Work required>
Please give back, exactly as written, the lines from the line with "Profile Picture of Fernando" to the line with "Couverture de l'�v�nement" in the listing below, leaving out all pictures.

Supplied entries>
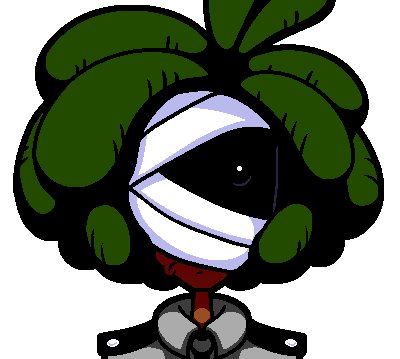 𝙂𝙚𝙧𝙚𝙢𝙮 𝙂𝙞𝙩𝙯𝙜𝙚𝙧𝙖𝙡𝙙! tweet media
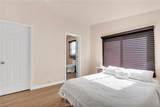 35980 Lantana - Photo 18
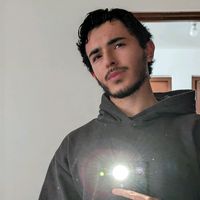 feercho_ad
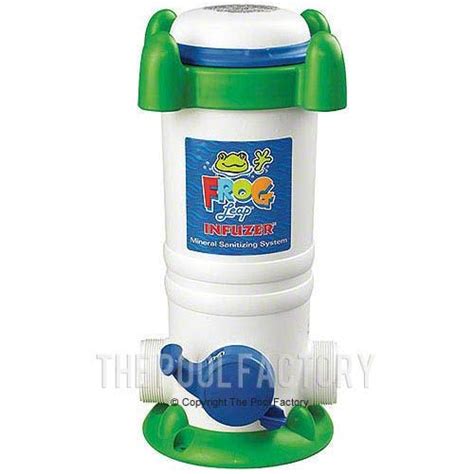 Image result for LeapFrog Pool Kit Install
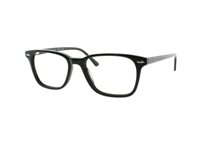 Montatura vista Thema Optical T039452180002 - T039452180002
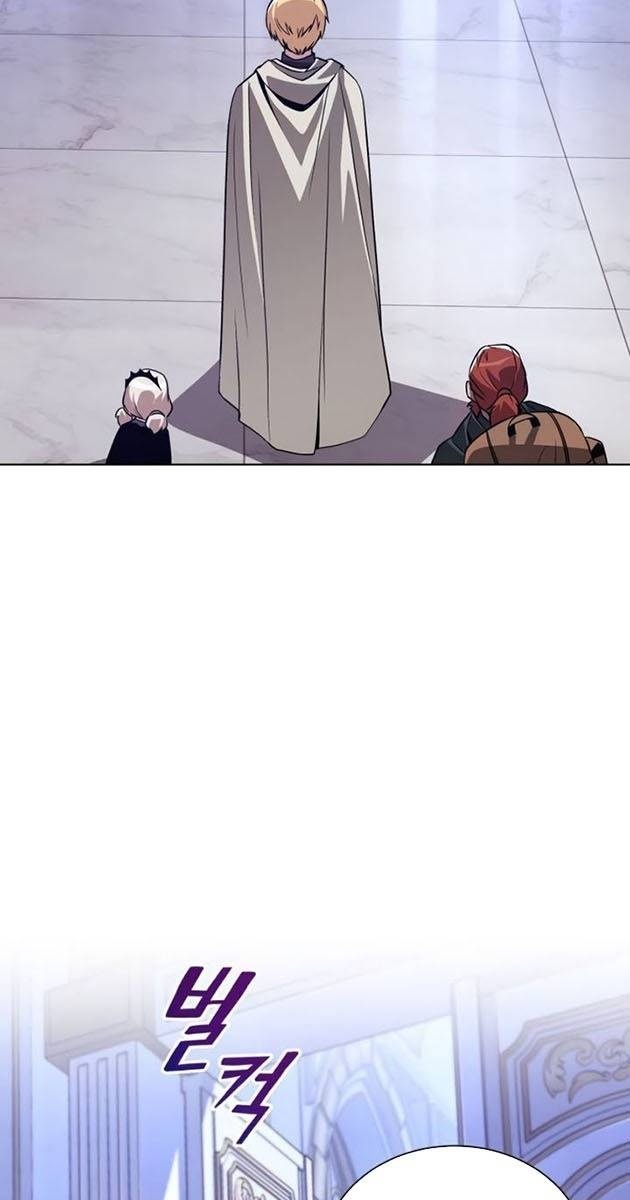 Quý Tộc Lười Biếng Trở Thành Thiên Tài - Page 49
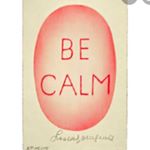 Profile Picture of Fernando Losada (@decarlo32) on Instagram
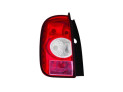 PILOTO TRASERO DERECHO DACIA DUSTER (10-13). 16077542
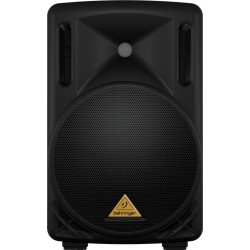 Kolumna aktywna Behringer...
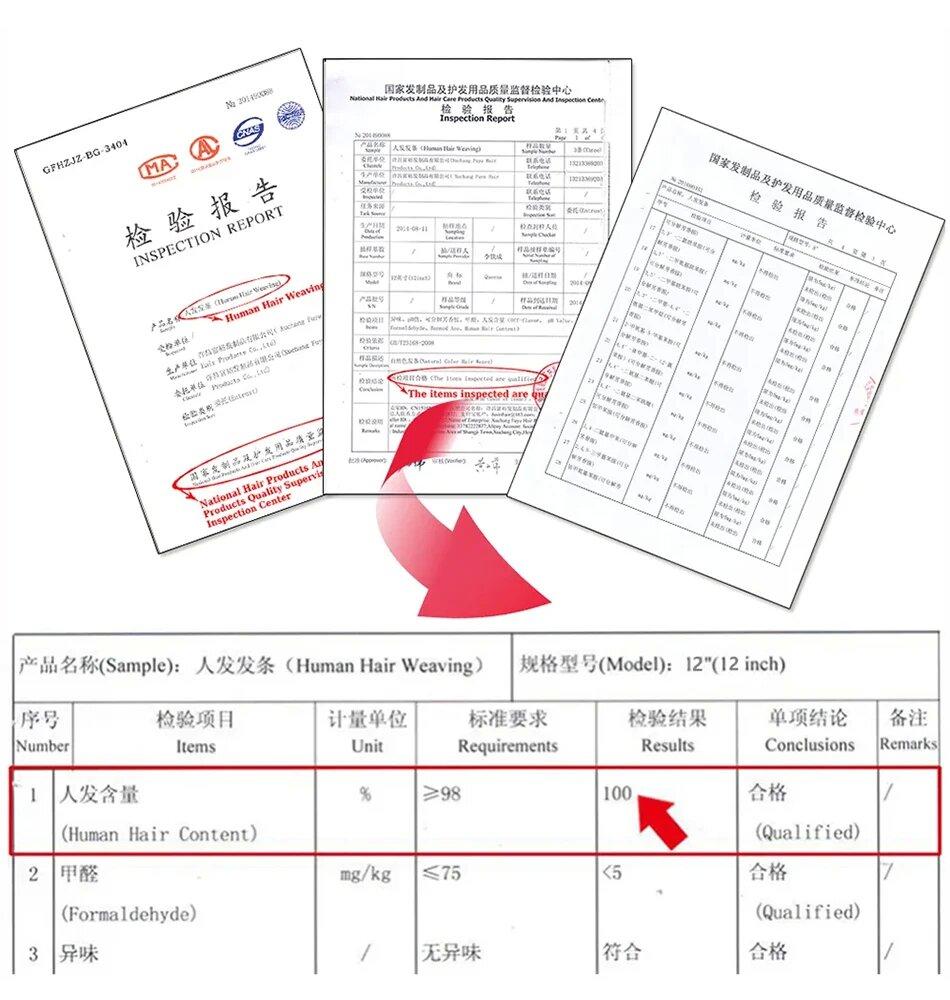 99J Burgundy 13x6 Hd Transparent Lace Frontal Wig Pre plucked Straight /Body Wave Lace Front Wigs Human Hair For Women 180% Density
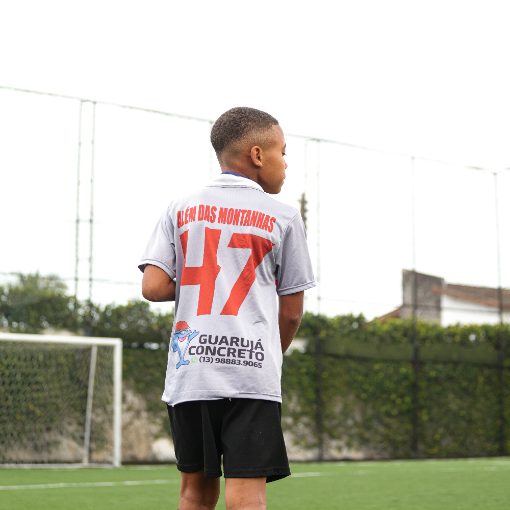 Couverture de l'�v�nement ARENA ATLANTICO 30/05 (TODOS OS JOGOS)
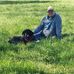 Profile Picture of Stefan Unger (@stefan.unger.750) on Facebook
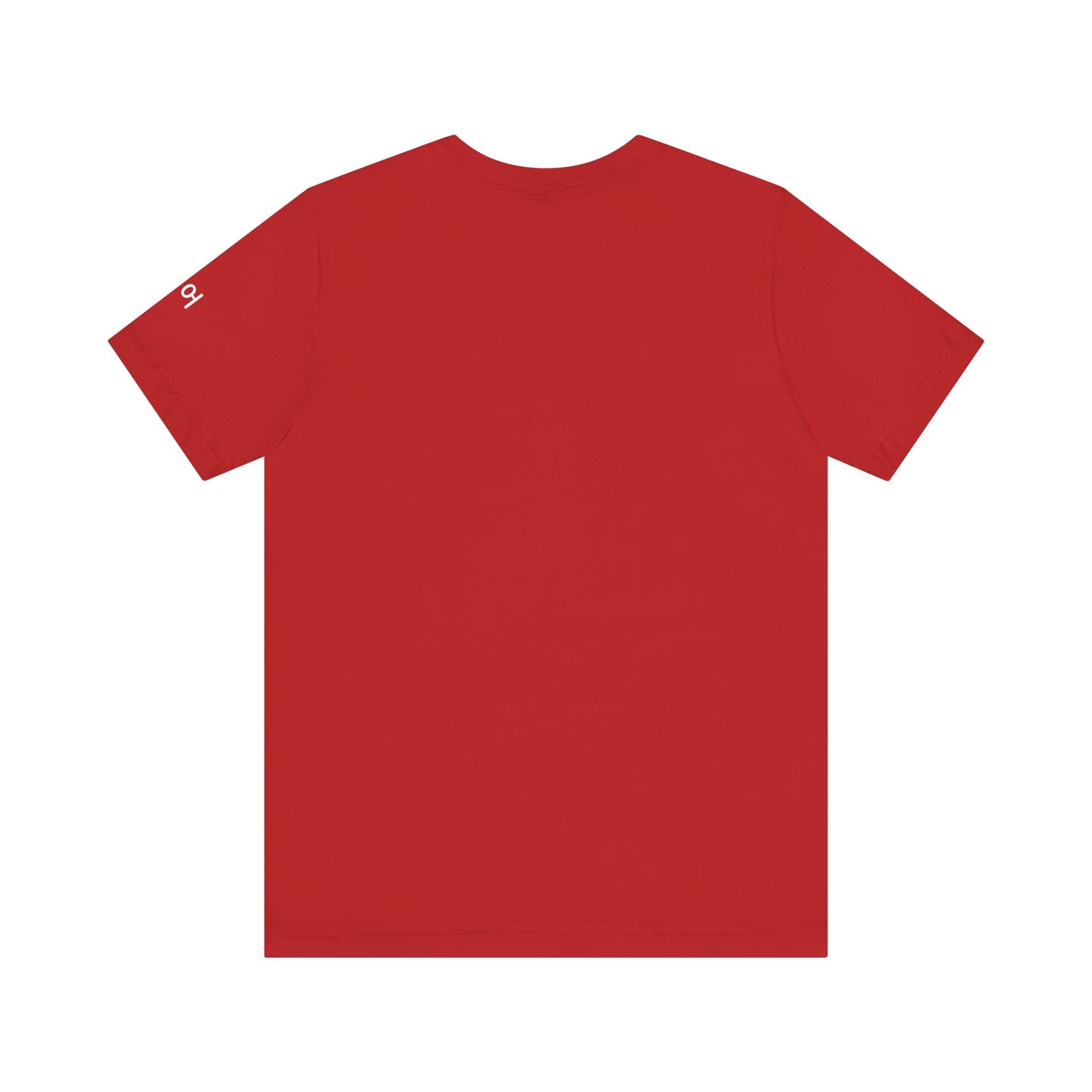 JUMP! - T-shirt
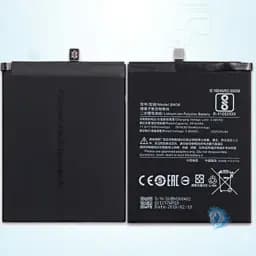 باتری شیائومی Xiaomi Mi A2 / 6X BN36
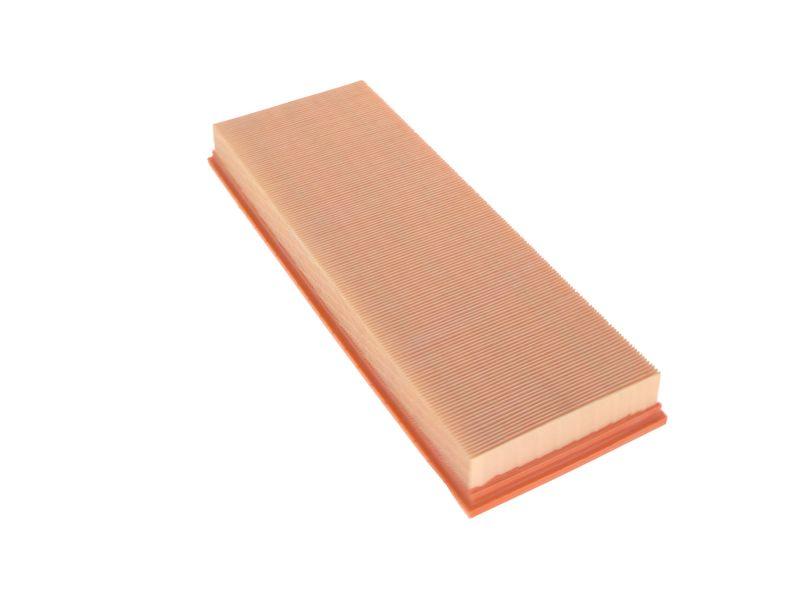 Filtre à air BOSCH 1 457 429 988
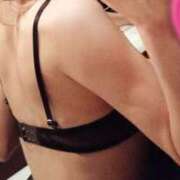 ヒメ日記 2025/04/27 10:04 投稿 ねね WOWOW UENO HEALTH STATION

Response below>
 Profile Picture of Fernando Losada (@decarlo32) on Instagram
 PILOTO TRASERO DERECHO DACIA DUSTER (10-13). 16077542
 Kolumna aktywna Behringer...
 99J Burgundy 13x6 Hd Transparent Lace Frontal Wig Pre plucked Straight /Body Wave Lace Front Wigs Human Hair For Women 180% Density
 Couverture de l'�v�nement ARENA ATLANTICO 30/05 (TODOS OS JOGOS)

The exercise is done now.